The leaders of the Senate Intelligence Committee allege that leaked messages between one of them and a lawyer claiming to have connections with Christopher Steele came from Republicans on the House Intelligence Committee it was reported today.
Senate Intelligence Committee Chairman Richard Burr and Ranking Member, Democrat Mark Warner were so dismayed by the finding that they requested a meeting with Speaker of the House Paul Ryan to register their complaint with him. They used the opportunity to also raise deeper concerns about the increasingly hostile relations between Republicans and Democrats on the House Intelligence Committee, as well as about the general direction the Chairman of the Committee, Rep. Devin Nunes, is taking its investigation.
The Senators say the leak of the information was a breach of protocol and represented what amounts to a partisan attack by one intelligence committee on another.
The messages show Senator Warner interacting with Adam Waldman, a Washington lawyer, who tried to broker a meeting between Warner and Christopher Steele, the former British intelligence officer who compiled a report alleging that the Russian government and the Trump campaign actively coordinated efforts to give the trump campaign an advantage in the 2016 election.
According to Waldman, Steele had a desire to meet with congressional investigators but wanted the request to come in the form of a bipartisan letter from the Committee signed by both Warner and Burr. Something Warner was reluctant to do because, as he said, they didn’t want to leave a paper trail.
“We want to do this right private in London don’t want to send letter yet cuz if we can’t get agreement wud rather not have paper trail,” Warner wrote in March of last year.
“That makes sense. Glad to keep trying to intermediate and see if I can convince him to speak w you directly. At the moment he seems spooked. No pun intended,” Waldman replies.

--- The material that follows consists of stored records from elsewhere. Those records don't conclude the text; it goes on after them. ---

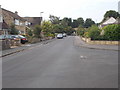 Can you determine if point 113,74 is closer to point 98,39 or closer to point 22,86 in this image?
point 22,86

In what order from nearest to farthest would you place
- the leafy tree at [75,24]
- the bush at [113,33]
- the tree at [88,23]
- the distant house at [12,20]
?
the bush at [113,33] < the distant house at [12,20] < the tree at [88,23] < the leafy tree at [75,24]

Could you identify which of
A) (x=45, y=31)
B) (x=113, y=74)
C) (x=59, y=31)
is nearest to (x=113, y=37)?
(x=113, y=74)

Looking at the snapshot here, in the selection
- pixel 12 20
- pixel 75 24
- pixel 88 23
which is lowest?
pixel 12 20

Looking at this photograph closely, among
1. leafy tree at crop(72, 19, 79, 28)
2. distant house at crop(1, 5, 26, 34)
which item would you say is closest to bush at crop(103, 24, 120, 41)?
distant house at crop(1, 5, 26, 34)

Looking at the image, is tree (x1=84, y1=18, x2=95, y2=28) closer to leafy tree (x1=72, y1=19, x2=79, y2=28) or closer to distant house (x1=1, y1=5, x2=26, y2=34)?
leafy tree (x1=72, y1=19, x2=79, y2=28)

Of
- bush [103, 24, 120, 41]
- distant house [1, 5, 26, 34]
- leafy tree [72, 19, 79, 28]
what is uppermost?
leafy tree [72, 19, 79, 28]

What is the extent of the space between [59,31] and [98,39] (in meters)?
65.5

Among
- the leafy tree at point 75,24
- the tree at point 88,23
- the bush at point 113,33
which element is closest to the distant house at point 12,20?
the bush at point 113,33

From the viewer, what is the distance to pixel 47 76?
756 cm

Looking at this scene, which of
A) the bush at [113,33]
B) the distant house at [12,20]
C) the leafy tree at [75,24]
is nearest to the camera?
the bush at [113,33]

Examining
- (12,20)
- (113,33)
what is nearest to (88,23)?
→ (12,20)

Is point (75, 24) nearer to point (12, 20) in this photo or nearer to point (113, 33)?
point (12, 20)

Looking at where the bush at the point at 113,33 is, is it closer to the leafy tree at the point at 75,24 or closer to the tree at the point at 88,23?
the tree at the point at 88,23

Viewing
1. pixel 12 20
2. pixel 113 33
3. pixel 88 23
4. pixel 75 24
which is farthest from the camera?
pixel 75 24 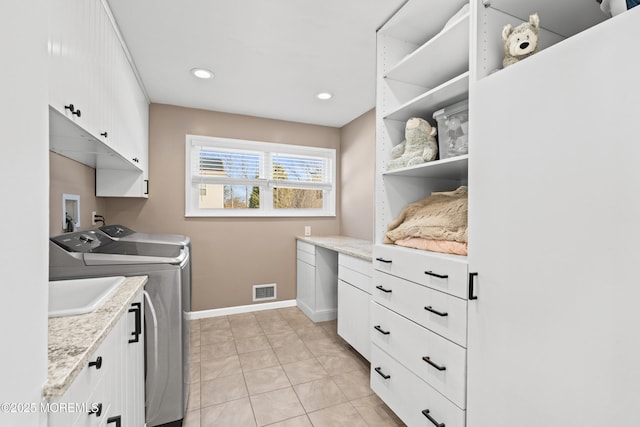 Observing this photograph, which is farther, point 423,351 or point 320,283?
point 320,283

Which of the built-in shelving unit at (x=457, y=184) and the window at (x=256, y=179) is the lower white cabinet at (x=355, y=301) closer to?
the built-in shelving unit at (x=457, y=184)

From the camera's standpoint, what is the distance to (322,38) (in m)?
1.91

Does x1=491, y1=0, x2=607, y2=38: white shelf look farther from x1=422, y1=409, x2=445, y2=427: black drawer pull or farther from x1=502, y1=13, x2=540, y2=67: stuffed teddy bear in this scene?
x1=422, y1=409, x2=445, y2=427: black drawer pull

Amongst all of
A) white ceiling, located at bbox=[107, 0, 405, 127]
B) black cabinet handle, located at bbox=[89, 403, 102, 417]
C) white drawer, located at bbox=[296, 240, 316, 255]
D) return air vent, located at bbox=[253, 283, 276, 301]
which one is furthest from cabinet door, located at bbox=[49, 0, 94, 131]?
return air vent, located at bbox=[253, 283, 276, 301]

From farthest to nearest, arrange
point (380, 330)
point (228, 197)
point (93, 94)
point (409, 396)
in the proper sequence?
point (228, 197) < point (380, 330) < point (409, 396) < point (93, 94)

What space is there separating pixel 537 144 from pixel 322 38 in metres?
1.50

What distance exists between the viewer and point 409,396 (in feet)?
4.92

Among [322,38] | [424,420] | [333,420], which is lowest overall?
[333,420]

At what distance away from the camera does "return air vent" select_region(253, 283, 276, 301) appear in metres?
3.43

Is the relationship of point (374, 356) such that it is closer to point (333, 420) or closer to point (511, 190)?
point (333, 420)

The messages go on for weeks, but the two are seemingly unable to break the impasse over the conditions for a possible meeting. Christopher Steele has yet to meet with lawmakers according to the Senate Intelligence Committee.

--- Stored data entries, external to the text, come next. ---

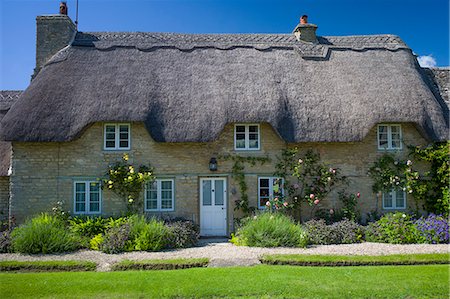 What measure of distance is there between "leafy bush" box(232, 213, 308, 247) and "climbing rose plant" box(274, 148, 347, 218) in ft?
5.87

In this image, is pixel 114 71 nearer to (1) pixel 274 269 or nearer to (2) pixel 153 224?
(2) pixel 153 224

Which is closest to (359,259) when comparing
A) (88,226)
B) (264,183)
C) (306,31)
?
(264,183)

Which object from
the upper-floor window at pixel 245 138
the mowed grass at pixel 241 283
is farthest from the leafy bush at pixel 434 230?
the upper-floor window at pixel 245 138

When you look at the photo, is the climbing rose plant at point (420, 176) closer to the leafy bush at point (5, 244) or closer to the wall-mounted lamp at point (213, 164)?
the wall-mounted lamp at point (213, 164)

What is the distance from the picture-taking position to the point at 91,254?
1101 centimetres

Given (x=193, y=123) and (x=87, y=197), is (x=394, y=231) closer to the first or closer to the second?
(x=193, y=123)

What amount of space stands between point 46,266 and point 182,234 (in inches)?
161

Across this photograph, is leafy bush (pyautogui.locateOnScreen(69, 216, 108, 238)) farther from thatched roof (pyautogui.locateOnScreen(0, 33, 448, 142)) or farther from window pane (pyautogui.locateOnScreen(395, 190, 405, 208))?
window pane (pyautogui.locateOnScreen(395, 190, 405, 208))

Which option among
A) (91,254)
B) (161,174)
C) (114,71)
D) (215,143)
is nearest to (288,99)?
(215,143)

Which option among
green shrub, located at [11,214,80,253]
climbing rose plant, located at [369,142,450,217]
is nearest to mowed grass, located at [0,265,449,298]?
green shrub, located at [11,214,80,253]

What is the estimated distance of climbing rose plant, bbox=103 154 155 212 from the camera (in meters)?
13.5

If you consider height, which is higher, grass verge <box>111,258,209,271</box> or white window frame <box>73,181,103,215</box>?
white window frame <box>73,181,103,215</box>

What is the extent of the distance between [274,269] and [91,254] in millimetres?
5373

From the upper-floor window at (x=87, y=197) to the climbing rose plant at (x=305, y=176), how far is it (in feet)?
21.3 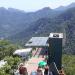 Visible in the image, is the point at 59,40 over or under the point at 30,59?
over

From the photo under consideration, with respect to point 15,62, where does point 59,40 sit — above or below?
above

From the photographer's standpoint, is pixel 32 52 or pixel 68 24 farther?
pixel 68 24

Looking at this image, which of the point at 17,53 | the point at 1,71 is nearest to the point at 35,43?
the point at 17,53

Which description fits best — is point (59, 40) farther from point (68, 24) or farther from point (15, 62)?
point (68, 24)

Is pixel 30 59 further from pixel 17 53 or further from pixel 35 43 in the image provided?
pixel 35 43

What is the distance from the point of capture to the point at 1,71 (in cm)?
1428

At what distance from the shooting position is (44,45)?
20.5 metres

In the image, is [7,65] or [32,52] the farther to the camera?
[32,52]

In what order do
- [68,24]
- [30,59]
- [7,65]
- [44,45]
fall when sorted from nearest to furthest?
1. [7,65]
2. [30,59]
3. [44,45]
4. [68,24]

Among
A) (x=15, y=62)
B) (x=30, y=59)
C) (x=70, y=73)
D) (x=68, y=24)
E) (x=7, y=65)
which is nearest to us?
(x=7, y=65)

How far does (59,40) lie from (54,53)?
0.87m

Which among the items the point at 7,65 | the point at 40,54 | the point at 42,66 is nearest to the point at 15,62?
the point at 7,65

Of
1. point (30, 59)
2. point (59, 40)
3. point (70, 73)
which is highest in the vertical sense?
point (59, 40)

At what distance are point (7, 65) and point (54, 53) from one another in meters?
2.86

Copies of the messages were originally submitted to the Senate Committee in January by Waldman. Shortly after, one of Rep. Nunes’ staff members requested that copies be shared with the House committee as well. Days later, Fox News printed the messages and said they were obtained from a Republican source although they did not name them.
The leaks, according to the Senators, are one incident in a larger pattern of increasing partisanship by the House Committee. The text messages were leaked just days after Nunes’ committee released their controversial memo outlining alleged abuses by the FBI in obtaining FISA warrants to spy on the Trump campaign.

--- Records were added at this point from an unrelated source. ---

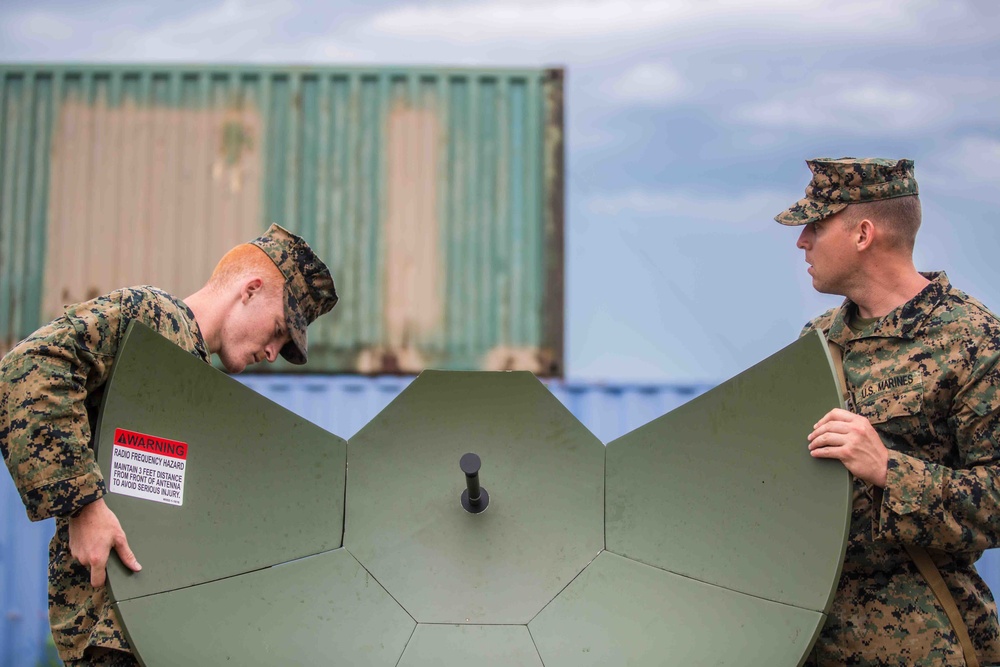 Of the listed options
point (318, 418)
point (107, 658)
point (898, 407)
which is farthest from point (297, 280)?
point (318, 418)

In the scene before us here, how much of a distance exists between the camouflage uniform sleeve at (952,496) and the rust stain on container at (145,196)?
7.51 metres

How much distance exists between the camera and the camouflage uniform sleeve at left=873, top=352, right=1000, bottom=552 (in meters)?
2.83

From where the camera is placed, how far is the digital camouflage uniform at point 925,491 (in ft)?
9.39

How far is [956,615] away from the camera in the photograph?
302cm

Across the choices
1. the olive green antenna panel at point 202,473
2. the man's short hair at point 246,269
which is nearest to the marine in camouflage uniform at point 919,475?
the olive green antenna panel at point 202,473

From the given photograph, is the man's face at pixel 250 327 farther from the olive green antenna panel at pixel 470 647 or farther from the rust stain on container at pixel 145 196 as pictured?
the rust stain on container at pixel 145 196

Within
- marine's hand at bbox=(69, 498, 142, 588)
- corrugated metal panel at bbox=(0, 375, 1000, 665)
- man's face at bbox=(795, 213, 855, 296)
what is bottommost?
corrugated metal panel at bbox=(0, 375, 1000, 665)

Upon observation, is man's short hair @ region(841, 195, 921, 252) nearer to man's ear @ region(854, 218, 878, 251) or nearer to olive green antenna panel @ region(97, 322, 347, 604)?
man's ear @ region(854, 218, 878, 251)

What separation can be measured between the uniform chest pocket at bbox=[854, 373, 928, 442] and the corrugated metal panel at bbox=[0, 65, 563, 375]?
6025 mm

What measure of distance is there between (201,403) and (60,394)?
41cm

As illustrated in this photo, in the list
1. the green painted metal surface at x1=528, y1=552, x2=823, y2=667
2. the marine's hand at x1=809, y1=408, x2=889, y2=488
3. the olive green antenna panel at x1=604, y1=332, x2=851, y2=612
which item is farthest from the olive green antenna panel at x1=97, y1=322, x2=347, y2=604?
the marine's hand at x1=809, y1=408, x2=889, y2=488

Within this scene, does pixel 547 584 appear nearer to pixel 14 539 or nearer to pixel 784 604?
pixel 784 604

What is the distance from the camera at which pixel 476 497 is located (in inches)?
127

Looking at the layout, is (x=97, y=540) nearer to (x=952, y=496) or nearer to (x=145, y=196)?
(x=952, y=496)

Congressman Nunes’ office has denied the allegations, calling them “absurd.”
Burr and Warner have sought to differentiate the way the House Committee is conducting its investigation from the way the Senate Intelligence Committee is conducting its. They issue joint statements and make joint appearances at press conferences, whenever possible. They also take great pains, unlike their House counterparts, to keep their investigation under wraps.
“I promised you when we started a year ago that the sensitive nature of that material would, in fact, be protected,” Burr said to the heads of the nation’s intelligence agencies during a hearing last month. “The vice chairman and I have done everything in our power to do that.”